(Data extract)
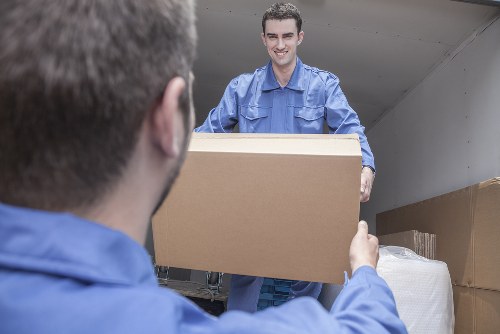 Trained moving staff handling furniture carefully with gloves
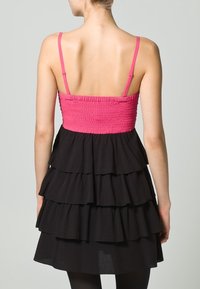 Robe noire à volants avec un corsage smocké rose et des bretelles ajustables. La jupe présente plusieurs couches froncées pour une texture supplémentaire.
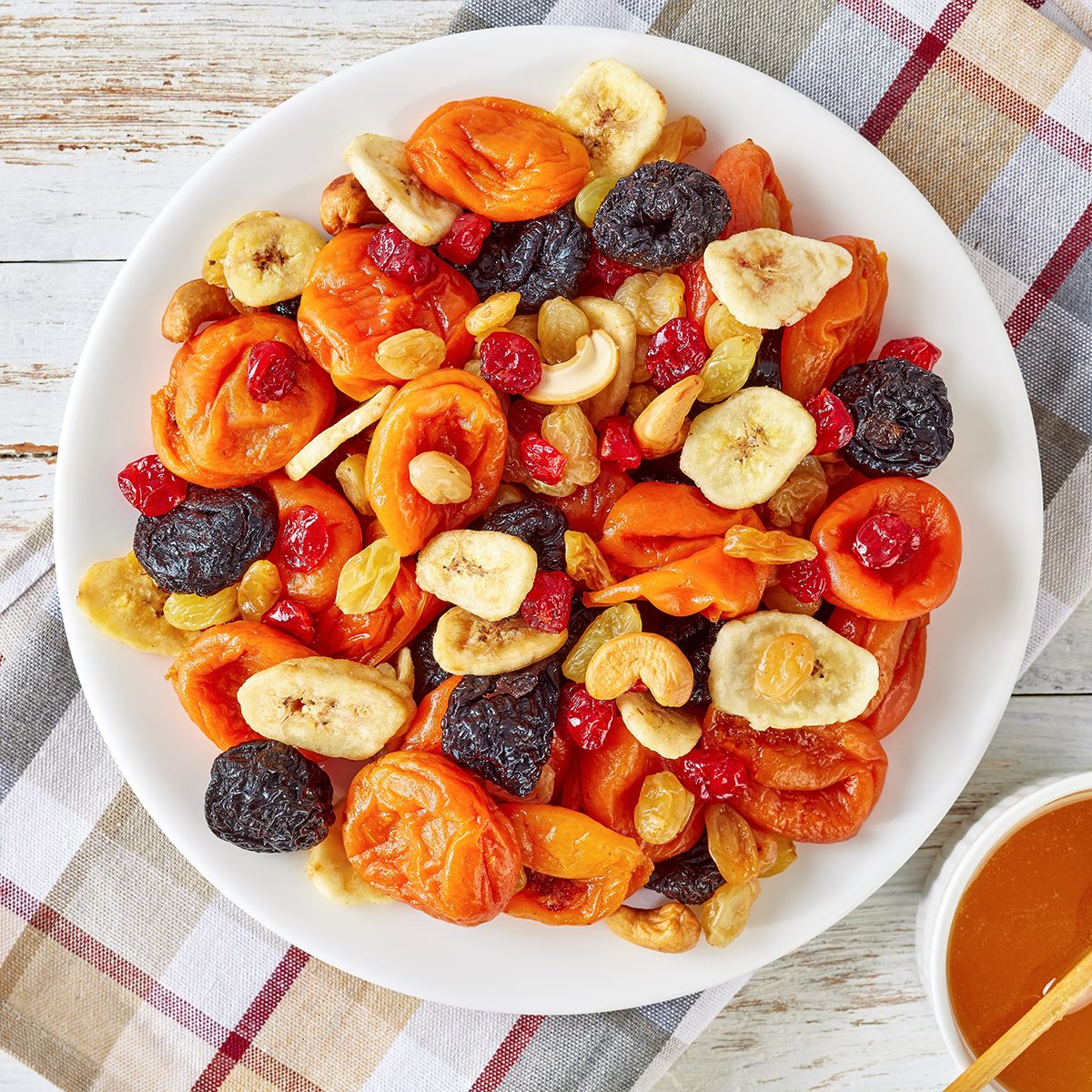 dried Fruits and Nut Mix bowl - banana slices, apricots, raisins, prunes, cherries and cashew on a rustic table with honey in a bowl, horizontal view from above, close-up, flatlay
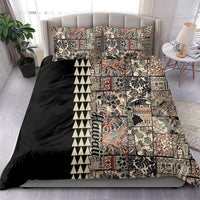 Quilt bedding set with black quilt, beige and red tropical patchwork center, and zigzag border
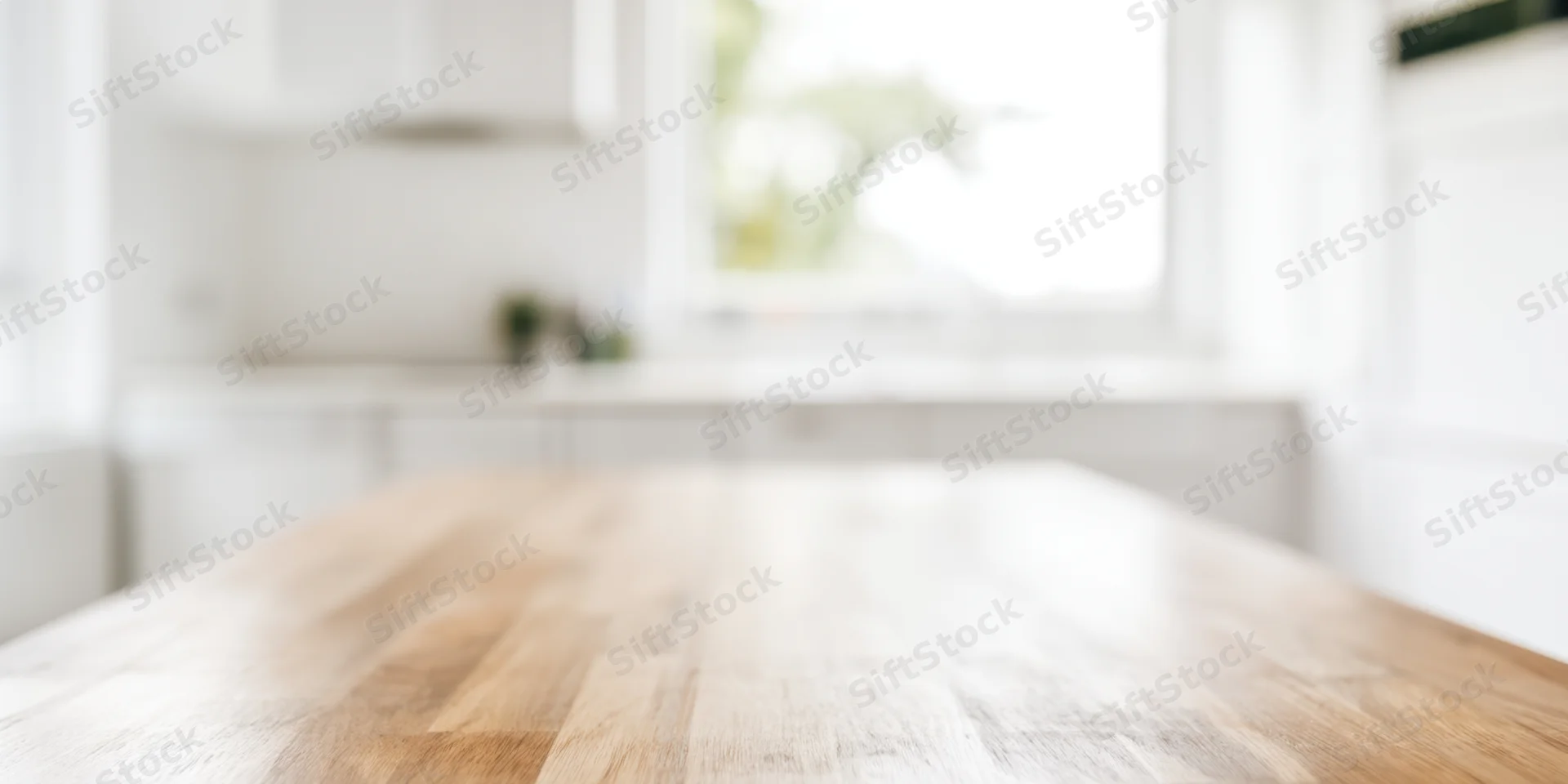 Smooth light wooden table in a bright minimalist kitchen interior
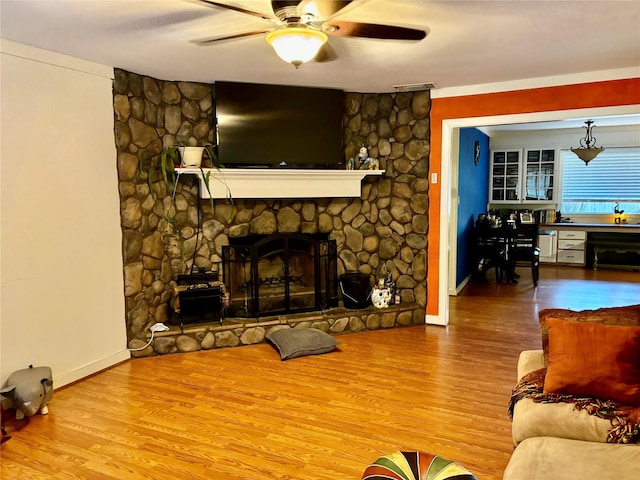 living room featuring a fireplace, wood-type flooring, and ceiling fan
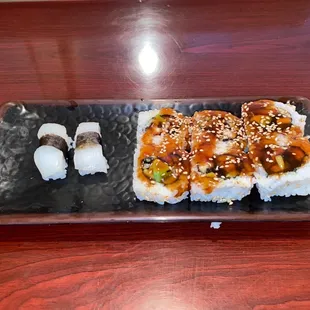 a plate of sushi on a wooden table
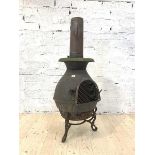 A Cast metal chimenea on a scrolled tripod base, H123cm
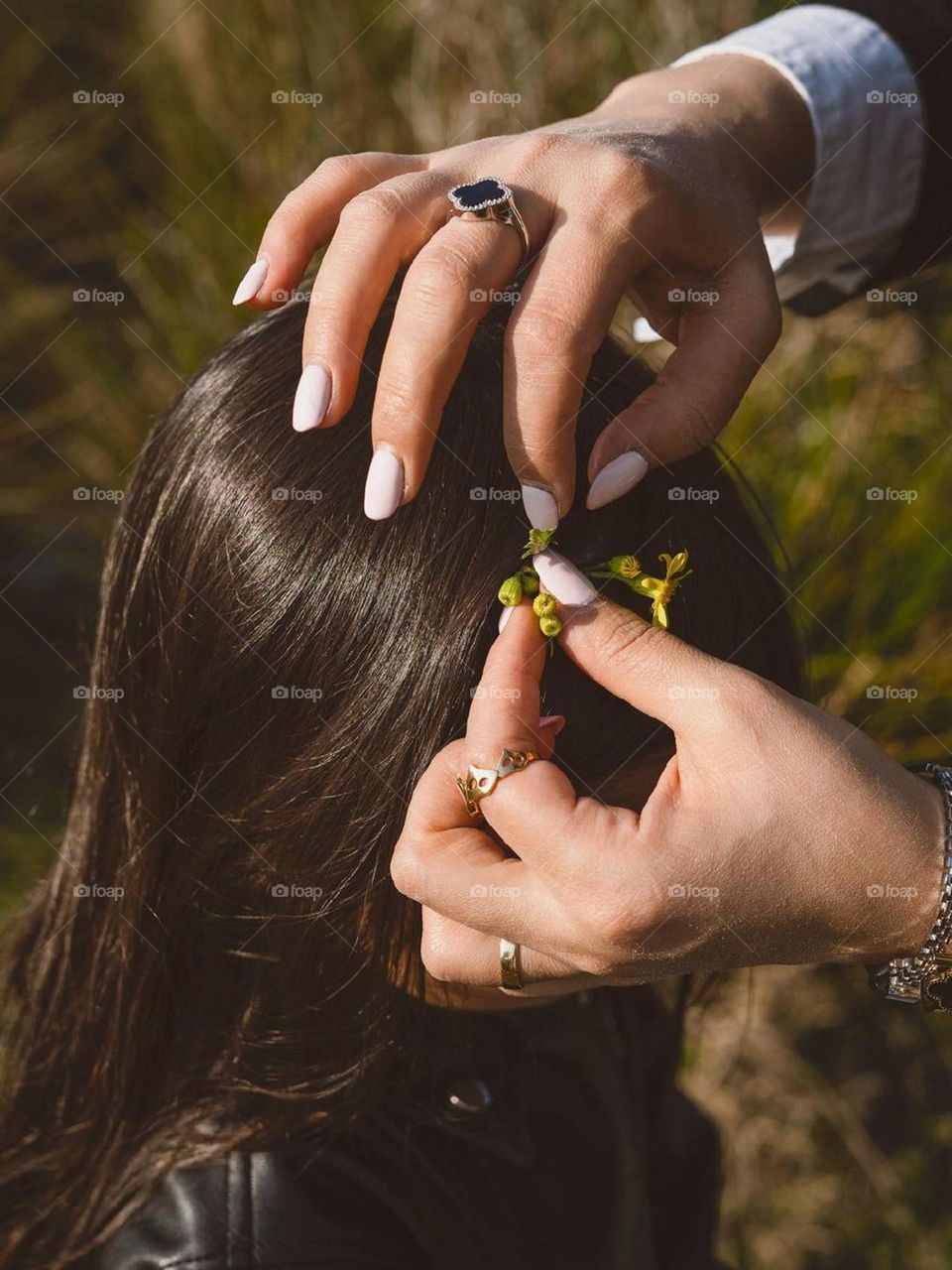 The beautiful girl is a doll in her mother's hands. I know the pleasure of caressing and fixing a child's hair is magical. These moments should be appreciated. moments of Love, and love and just love..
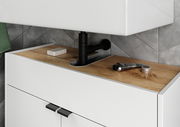 Nahaufnahme eines modernen Waschbeckenunterschranks mit Holzoberfläche und schwarzem Rohr, von vorne betrachtet.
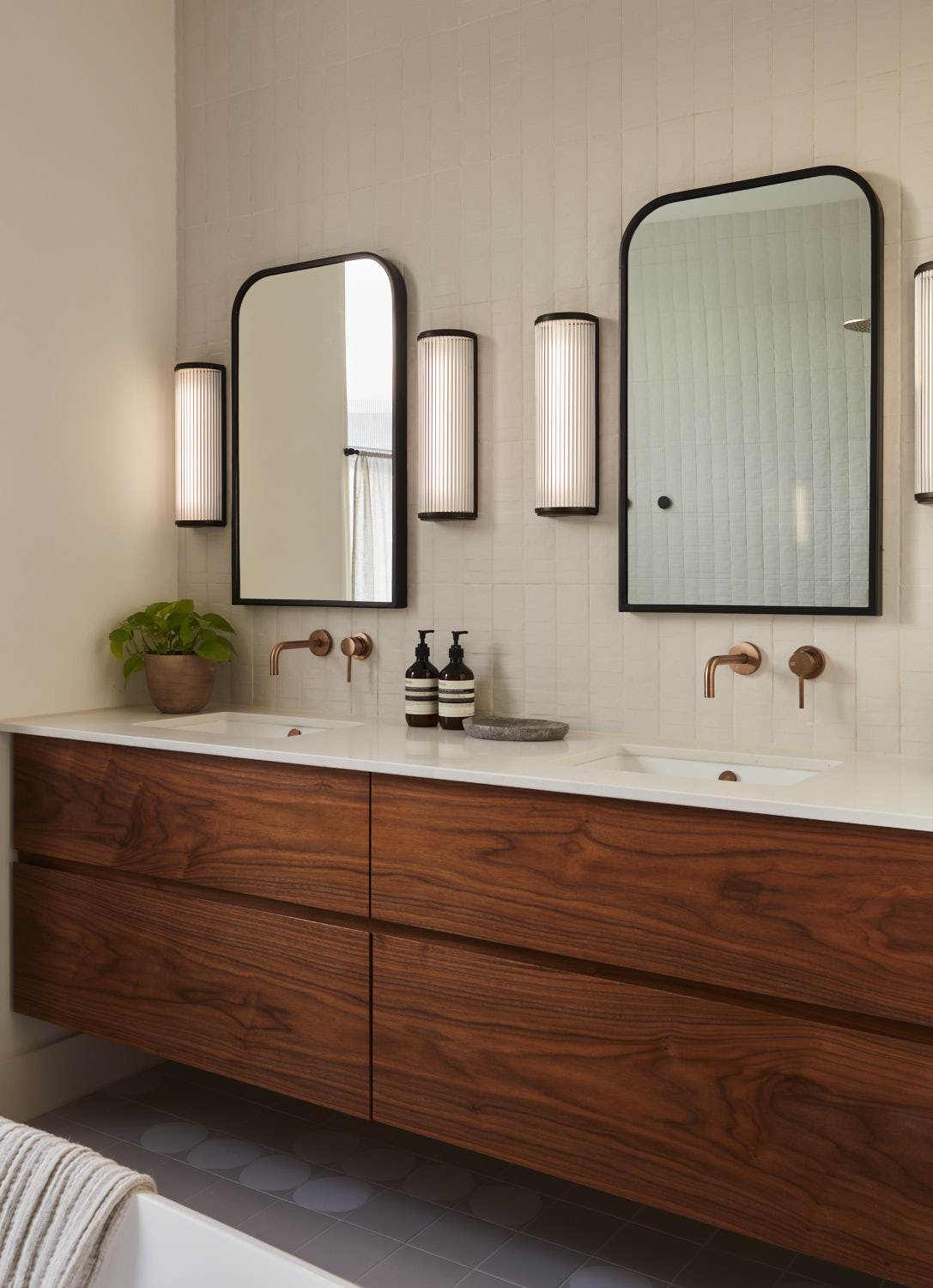 stylish wooden bathroom cabinet with a double sink and mirrors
(End Data extract)
### Exercise requirements
Give again the lines of the listing above that run from the one with "Quilt bedding set" up to and including the one with "Nahaufnahme eines modernen". Keep them exact and omit the pictures.

### Output of the task
 Quilt bedding set with black quilt, beige and red tropical patchwork center, and zigzag border
 Smooth light wooden table in a bright minimalist kitchen interior
 living room featuring a fireplace, wood-type flooring, and ceiling fan
 a plate of sushi on a wooden table
 A Cast metal chimenea on a scrolled tripod base, H123cm
 The beautiful girl is a doll in her mother's hands. I know the pleasure of caressing and fixing a child's hair is magical. These moments should be appreciated. moments of Love, and love and just love..
 Nahaufnahme eines modernen Waschbeckenunterschranks mit Holzoberfläche und schwarzem Rohr, von vorne betrachtet.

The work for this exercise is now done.